The Names is probably DD's best novel — what's not in these particular volumes, however, is his collection of extraordinary short novels that filled the 70s (Ratner's Star is the major exception; this is a monster-sized book, and it is a strange precursor to Stephenson's middle work). End Zone, Great Jones Street, Players, and Running Dog are all amazing portraits of the paranoias of the age — terrorism, bomb fear, rock & roll, long-running conspiracies. Reading DeLillo alongside JG Ballard's novels of the same era is an education in the social and political undercurrents running through the 70s and early 80s.
The Recognitions by Gaddis gets you the 1950s in similar fashion (and it's clear he was a major influence on those postmodern tome style writers who came later). Pynchon has pretty good coverage of the 1960s. Then DeLillo and Ballard get you through the 1970s. It's fascinating how much history and culture you can pick up through some of these fiction writers.
Agreed on all counts. Pynchon and DeLillo are often linked together, but Pynchon and DD seem to be at least a generational half-step removed from each other. And Gaddis nails the 80s in JR back in the mid-70s.
Having been reading The Names recently, DeLillo is certainly brilliant. For an author often grouped in with the American “maximalist” authors mentioned by sibling commenters like Pynchon and Gaddis, I have appreciated DD perhaps even more for his subtle and sensitive dialogue and exploration of interpersonal interaction. The lead and his ex-partner in The Names have that sense of tired accustomedness to their relationship which is hard to neatly encapsulate.
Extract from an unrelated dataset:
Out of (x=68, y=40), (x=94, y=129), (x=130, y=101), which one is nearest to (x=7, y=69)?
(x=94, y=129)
I didn’t really enjoy the absurdist humor. Was the Department of Hitler studies supposed to be a running joke? Not that its offensive, its just not very funny.
Which mirrors the modern world where people can get degrees in Classics at many institutions working completely from translations and not knowing Latin nor Ancient Greek.
I read white noise first by a few years and found it much more enjoyable. I remember a few parts of underworld, and I definitely annotated it a bit, but I don't find it broadly memorable or formative. (Judging by some receipts I left in it, I probably read it in fall 2010. I probably read white noise in 06-07ish?)
That said, I don't give it unqualified recs. It's a good rec if you enjoy other postmodern fiction. It and Catch-22 are my two favorite recs if you haven't read any postmodern fiction but are curious.
If you know you hate postmodern or otherwise self-aware fiction, feel free to skip it.
As an aside: the movie is a surprisingly-faithful rendition, but tbh I was a bit shocked when I read that they were making it.
So much of the book is winking and prodding at pillars of modern US culture through textual absurdities that were hard to translate to the screen. It works surprisingly well, but I'd just read the book.
The opening chapter of Underworld is one of the greatest things I have read, I can't even explain it because there's almost nothing like it, it's the literary equivalent of a spectacular movie chase scene. Iirc it was excerpted in the New Yorker years ago, I can't find it now there or anywhere, but it made me buy the book despite having sworn off 800 page American novels. The first chapter was still great, but I gave up in boredom ~30 pages later in boredom and have not read another word by him.
It would probably be beneficial if someone could explain what I am missing, or what I should read by him instead, because it just can't end like this.
... You can read most of it here[1], probably doesn't have the same impact missing the first few pages, but maybe get a flavor of what he's doing it. I don't know what the correct analogy is, but it's definitely something cinematic.
Like others downthread I recommend White Noise. But I highly recommend the Viking Critical Edition — which will explain what you’re missing. (I mean, skip if you loathe postmodern litcrit; but I found the batch of essays/analyses well-chosen and accessible rather than the inscrutable academic katas such things can be)
I haven't read DD and thank you for this, as maybe this is what I need. Just today I was looking at my shelves of 20th century fiction and lit and thinking how none of it mattered anymore.